El que fuera alcalde de San Sebastián, Odón Elorza, puso en solfa hace unos días esa vieja idea de adoptar decisiones con una pinza en la nariz por el tufo que desprenden. La cosa venía a cuenta de la votación en el Congreso de los nuevos miembros del Tribunal Constitucional. Seguro que el asunto ha sido motivo de más de una reflexión sobre ese criterio multiuso de la pinza. Sin ir más lejos: tengo un vecino de barrio con aspecto de tarra pijoprogre que ha cambiado el lacito amarillo, símbolo de ya no sé bien qué, por una pinza que ostenta en la solapa. La verdad es que resulta raro ver ya gente joven con ese adminículo insertado en la vestimenta. Esta circunstancia podría llevar a creer que el suflé indepe ha bajado de forma extrema. Pero mejor, no llamarse a equívocos.
Empiezo a pensar que el problema es más complejo. Sin necesidad de estar observando en rededor, sobre todo a Madrid, simplemente con mirar a ambos lados de la Plaza Sant Jaume de Barcelona, la incompetencia e incapacidad para resolver problemas, sean sencillos o complejos, empieza a ser un problema generacional. Es cierto que tal afirmación puede resultar arriesgada, pero la percepción es que en ambas orillas la mejor forma de hacer algo es no hacer nada. Es como si se pretendiese que no ocurra nada, gastar lo mínimo en proyectos de interés general e incluso, si es preciso gastar, que sea lo más tarde posible. Vale para todas las Administraciones. Incluso esperar a ver si las cosas se resuelven solas. Es una nueva forma de ejercer el poder por parte de gentes que nunca tuvieron apenas que enfrentarse a dificultad o problema alguno, y mucho menos a resolverlo.
Asunto es de los sociólogos esclarecer los temas sobre posibles cambios mentales de carácter generacional, si es cosa de la Generación Tapón, de la X, la Y o de la Z. Más aún, si vivimos una dicotomía insuperable que excede al eje izquierda/derecha. Incluso de si somos herederos de una generación analógica, la de la Transición, gobernados ahora por una nueva que es digital. Al margen de que el debate generacional está ausente en España, mientras lo está en otros países de nuestro entorno más cercano.

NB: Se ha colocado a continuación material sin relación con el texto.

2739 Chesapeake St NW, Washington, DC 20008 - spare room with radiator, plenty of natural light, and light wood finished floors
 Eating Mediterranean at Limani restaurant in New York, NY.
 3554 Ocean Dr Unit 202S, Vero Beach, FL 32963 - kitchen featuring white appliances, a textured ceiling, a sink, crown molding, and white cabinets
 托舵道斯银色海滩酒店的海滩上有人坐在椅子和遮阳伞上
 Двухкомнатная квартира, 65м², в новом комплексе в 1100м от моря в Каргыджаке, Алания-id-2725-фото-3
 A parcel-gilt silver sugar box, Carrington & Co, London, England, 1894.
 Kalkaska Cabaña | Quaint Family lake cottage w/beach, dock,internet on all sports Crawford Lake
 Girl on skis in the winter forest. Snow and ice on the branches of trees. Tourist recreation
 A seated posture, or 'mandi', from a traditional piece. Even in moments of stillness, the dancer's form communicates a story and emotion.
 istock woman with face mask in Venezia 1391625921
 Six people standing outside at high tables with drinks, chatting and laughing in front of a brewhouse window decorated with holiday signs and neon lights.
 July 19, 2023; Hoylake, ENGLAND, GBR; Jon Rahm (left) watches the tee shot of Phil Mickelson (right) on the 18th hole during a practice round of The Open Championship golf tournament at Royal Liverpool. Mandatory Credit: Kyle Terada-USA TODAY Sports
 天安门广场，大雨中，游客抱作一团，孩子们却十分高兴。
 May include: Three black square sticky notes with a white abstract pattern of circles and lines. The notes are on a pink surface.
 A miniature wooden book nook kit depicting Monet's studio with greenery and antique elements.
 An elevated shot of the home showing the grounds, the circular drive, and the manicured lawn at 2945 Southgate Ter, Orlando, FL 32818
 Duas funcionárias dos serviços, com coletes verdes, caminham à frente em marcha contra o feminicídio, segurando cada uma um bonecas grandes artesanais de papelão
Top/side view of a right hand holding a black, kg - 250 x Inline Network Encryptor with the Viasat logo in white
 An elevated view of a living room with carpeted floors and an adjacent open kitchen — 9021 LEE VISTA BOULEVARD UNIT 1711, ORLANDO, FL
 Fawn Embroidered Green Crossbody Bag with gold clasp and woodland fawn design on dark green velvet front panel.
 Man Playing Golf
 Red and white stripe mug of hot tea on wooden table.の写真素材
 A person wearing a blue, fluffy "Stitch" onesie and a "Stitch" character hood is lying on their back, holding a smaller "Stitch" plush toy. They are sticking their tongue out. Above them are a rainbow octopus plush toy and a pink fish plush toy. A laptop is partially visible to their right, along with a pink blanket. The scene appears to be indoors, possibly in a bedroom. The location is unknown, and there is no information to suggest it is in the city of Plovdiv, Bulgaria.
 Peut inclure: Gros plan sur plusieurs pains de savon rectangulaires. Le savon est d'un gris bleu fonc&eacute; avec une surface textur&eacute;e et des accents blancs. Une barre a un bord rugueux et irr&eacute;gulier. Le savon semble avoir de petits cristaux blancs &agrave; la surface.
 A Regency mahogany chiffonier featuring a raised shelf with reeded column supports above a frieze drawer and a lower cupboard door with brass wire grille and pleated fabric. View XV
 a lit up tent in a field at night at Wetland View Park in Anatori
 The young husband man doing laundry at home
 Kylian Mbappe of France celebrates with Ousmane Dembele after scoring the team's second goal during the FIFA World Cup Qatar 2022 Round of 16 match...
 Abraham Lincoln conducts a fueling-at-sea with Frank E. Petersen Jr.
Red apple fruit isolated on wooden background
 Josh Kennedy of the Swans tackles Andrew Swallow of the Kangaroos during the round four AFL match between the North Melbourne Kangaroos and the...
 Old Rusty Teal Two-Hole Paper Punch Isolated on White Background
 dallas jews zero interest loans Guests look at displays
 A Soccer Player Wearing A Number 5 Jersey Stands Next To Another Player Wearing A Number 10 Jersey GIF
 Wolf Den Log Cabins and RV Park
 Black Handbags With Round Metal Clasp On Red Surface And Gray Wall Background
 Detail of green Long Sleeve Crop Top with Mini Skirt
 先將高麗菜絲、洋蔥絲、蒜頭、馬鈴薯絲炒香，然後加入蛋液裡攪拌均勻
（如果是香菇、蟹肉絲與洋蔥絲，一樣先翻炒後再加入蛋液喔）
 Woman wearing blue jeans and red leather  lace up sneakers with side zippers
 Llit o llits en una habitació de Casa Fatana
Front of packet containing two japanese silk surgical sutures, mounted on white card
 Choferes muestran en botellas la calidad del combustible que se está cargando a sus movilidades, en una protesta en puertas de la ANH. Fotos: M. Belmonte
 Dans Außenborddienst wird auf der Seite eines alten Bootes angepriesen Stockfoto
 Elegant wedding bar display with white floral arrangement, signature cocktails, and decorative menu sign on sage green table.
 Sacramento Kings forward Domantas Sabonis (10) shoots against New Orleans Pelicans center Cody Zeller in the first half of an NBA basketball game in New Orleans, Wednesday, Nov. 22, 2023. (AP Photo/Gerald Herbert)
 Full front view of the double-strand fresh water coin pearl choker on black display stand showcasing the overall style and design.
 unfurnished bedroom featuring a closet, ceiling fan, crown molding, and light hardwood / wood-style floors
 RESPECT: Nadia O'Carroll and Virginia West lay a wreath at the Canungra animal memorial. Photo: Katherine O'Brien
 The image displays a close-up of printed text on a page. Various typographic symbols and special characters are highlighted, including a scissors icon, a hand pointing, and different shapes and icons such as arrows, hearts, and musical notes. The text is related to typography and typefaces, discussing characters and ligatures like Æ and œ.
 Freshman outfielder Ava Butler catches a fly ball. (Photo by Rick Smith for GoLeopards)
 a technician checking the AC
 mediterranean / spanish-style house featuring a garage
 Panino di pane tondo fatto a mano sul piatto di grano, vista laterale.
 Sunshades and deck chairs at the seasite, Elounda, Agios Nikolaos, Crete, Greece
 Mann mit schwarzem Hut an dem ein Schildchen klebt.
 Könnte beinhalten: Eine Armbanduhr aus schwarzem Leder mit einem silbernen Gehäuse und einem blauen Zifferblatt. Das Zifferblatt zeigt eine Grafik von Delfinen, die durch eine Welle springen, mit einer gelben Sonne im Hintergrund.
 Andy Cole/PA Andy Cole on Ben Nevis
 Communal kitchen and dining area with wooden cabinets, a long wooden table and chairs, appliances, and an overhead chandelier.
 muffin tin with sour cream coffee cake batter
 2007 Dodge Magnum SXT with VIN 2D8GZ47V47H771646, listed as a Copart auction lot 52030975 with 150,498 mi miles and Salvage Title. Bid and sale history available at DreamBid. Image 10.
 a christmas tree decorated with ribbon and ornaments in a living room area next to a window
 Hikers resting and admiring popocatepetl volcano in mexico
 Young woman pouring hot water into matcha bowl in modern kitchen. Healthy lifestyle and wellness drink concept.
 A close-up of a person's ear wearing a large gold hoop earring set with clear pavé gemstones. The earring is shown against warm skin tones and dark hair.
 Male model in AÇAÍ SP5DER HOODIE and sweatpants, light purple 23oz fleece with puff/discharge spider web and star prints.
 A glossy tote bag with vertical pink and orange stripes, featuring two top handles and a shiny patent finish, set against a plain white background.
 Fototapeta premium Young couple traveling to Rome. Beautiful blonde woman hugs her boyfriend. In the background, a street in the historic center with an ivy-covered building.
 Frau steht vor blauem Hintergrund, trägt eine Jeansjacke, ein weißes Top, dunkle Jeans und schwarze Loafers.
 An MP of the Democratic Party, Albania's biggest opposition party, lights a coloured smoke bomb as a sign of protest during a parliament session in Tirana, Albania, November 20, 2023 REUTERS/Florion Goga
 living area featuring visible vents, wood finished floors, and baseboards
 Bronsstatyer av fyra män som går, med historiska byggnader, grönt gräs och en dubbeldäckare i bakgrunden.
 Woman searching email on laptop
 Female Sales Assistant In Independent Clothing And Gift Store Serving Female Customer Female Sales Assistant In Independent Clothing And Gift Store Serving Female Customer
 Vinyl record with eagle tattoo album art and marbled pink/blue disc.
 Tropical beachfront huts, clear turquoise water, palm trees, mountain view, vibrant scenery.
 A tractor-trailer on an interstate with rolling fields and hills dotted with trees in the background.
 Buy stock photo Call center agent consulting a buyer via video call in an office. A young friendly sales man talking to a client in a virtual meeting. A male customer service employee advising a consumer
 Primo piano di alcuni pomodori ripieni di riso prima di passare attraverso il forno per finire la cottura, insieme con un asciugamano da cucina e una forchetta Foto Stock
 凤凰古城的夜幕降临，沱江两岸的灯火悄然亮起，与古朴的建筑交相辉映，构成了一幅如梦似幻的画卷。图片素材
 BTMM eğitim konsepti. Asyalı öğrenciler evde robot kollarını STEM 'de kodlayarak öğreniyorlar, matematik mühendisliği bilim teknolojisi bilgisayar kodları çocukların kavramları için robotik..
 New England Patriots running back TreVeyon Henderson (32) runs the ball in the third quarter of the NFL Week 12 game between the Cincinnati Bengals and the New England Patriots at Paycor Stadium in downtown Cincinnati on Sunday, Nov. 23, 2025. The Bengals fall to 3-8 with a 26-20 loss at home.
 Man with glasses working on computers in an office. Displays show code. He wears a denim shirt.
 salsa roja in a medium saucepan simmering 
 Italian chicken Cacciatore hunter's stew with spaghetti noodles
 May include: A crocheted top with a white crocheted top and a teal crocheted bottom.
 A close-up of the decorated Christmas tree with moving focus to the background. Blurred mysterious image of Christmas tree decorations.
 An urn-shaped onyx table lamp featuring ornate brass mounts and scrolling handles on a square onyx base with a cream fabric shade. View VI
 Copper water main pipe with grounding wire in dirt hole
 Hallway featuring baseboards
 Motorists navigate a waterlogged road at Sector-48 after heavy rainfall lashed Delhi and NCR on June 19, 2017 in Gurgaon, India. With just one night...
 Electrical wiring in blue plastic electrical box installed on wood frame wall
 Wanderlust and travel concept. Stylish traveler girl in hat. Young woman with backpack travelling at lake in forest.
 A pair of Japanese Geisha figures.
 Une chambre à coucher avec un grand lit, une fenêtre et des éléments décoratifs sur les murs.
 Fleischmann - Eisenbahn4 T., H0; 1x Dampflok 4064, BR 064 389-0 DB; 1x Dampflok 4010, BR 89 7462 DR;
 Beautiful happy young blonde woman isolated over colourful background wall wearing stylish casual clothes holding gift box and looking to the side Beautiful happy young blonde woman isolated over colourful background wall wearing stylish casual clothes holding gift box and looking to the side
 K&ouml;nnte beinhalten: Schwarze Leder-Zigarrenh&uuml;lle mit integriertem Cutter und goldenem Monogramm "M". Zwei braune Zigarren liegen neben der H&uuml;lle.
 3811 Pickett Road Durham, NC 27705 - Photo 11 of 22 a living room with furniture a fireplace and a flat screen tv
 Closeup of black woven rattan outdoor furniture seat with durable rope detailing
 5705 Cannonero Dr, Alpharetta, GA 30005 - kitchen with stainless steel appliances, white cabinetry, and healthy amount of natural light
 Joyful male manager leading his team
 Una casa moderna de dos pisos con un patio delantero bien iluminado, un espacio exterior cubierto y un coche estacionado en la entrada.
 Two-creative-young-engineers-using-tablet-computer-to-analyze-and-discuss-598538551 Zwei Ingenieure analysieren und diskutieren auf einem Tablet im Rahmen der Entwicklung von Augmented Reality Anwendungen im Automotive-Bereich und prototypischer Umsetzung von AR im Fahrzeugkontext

El asunto resulta mucho más preocupante si se tiene en cuenta la muy elevada tasa de desempleo juvenil que vivimos: hablamos con frecuencia de la generación más preparada, al tiempo que olvidamos que es la que tiene peores expectativas de presente y futuro. Aquella gente, la de la denostada por algunos Transición, fue capaz de organizar, con un sentido de responsabilidad generacional, algo que era bastante más complejo de ordenar que el sideral que ahora tenemos. La gran diferencia es que había por delante una inmensa labor de construir una sociedad nueva y se realizó un ingente esfuerzo para remar juntos y a favor. Cierto es que había mucho por hacer, cosa que explicaría, entre otras cosas, la prolongación del mandato de alcaldes, sin ir más lejos de lo local, que prorrogaron mandato tras mandato. O que el PSOE se mantuviera en el poder casi 14 años y que gentes como Jordi Pujol estuvieran más aún.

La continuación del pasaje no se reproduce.